The Commerce Department paper calls for an online privacy bill of rights and codes of conduct for Internet companies, with enforcement by the U.S. Federal Trade Commission. But several privacy groups questioned whether the codes of conduct would be effective because of the paper's suggestion that affected companies help write them.

The policy recommendations in the report are an "early Christmas gift to the data collection industry," said John Simpson, consumer advocate with Consumer Watchdog.

Internet-based groups have been creating their own codes of conduct for years, and Web-based tracking and data collection continue to grow, said Susan Grant, director of consumer protection at the Consumer Federation of America. "The solution is not more self-regulation," she said. "That seems to be the main thrust of the Commerce Department report."

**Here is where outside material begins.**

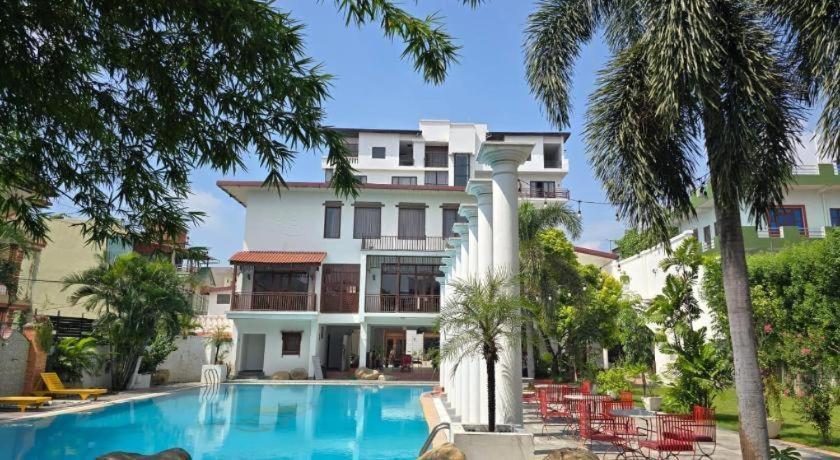 Club Denovo Otel Butwal Dış mekan fotoğraf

The report seems to give more attention to concerns of Web-based companies than to consumers, with little change in online data collection likely, other privacy advocates said. The report is "designed to marginalize consumers," said Jeffrey Chester, executive director of the Center for Digital Democracy.

The Commerce Department proposal would give companies that comply with the codes of conduct safe harbor from some enforcement actions, added Pam Dixon, executive director of the World Privacy Forum. But the Commerce Department has failed to enforce safe harbor requirements in privacy agreements with the European Union, Dixon said.

Safe harbor provisions would likely enforce existing data collection and tracking practices that privacy groups have protested, Chester added.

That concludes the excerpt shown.